Simultaneous Multiple Integration of a Plurality of Exogenous Nucleic Acids

[0175] The methods and compositions described herein are implemented to create a modified yeast cell comprising two exogenous nucleic acids integrated at two loci of the yeast cell genome in a single transformation step, wherein recovery of the modified yeast cell does not require the use of selectable marker(s).

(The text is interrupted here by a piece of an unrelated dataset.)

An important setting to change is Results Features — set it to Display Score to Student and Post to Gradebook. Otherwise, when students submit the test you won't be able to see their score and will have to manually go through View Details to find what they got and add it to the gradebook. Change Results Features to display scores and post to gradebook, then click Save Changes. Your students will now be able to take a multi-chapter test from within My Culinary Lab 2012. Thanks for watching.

[0176] A host strain is provided comprising: (a) a previously introduced recognition site for the F-CphI endonuclease positioned within the NDT80 locus; and (b): a previously introduced recognition site for the I-SceI endonuclease positioned within the HO locus. The host cell is simultaneously transformed with: (1) an expression plasmid encoding F-CphI; (2) an expression plasmid encoding I-SceI; (3) a linear DNA comprising an expression cassette encoding green fluorescent protein (GFP), flanked by two stretches of >500 bp sequence corresponding to the 5' and 3' regions of the NDT80 locus; and (4) a linear DNA comprising an expression cassette encoding lacZ, flanked by two stretches of >500 bp sequence corresponding to the 5' and 3' regions of the HO locus. As an alternative to inclusion of the expression plasmids encoding F-CphI and I-SceI, respectively, purified F-CphI and I-SceI protein are included in the transformation reaction. A non-double strand break control is performed by transforming host cells with the linear integration constructs (3) and (4) only, in the absence of F-CphI and I-SceI expression plasmid or purified protein.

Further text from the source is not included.